Werewolves and Whooping Birds

There are chest hairs in the sink. They’re not mine. They belong to my boyfriend who has just moved into my apartment with his Playboy collector’s edition, framed shrub photographs and a fear of werewolves. Why he thinks werewolves are more likely to attack him in my downtown apartment than in his former abode, a loft in the woods, is beyond me. All I know is that doors have to be double locked now and chains applied. When I tell him that the werewolves could probably get in anyway, he avoids the windows. I always thought I would end up with someone braver than me. Someone who could protect me from the looming unnamable. But sides of the bed have been established, and it’s me who has the outside while Guess Who snuggles safely in the last-to-die spot by the wall.

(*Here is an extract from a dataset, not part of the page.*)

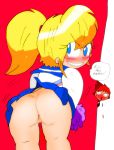 anus ass bent_over bigbootyinc blonde_hair blue_eyes bubble_butt looking_back mooning no_panties nosebleed ponytail pussy red_hair school_uniform shiny shiny_skin smile surprise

It’s nice though, having this second person around all the time. We’re on vacation right now, so we’ve been in the house together from wake to sleep for four days running. We have begun to realize, as we wander between our two small rooms, that we are screechers. Before co-habitation, we spoke in normal tones, dialing the telephone civilly and making chitchat. Now, face to face, it turns out that all that time I thought he was sitting peacefully in his apartment meditating, what he was really doing was running around bare bellied in a sarong and whooping like a crazy bird. He says it helps him purge his energy. When purging is taking place, I have to scream louder than he does. Otherwise it’s hard for him to tell the difference between me and furniture.

We’re turning into those crazy neighbors I always wondered about. The folks in the apartment upstairs who made me glad I didn’t know their faces since it was too frightening to picture them as real people who I might actually turn into. Now it looks like the only person I might turn into is him. And him into me, since really, what other choice do two people in an 800-square-foot apartment have?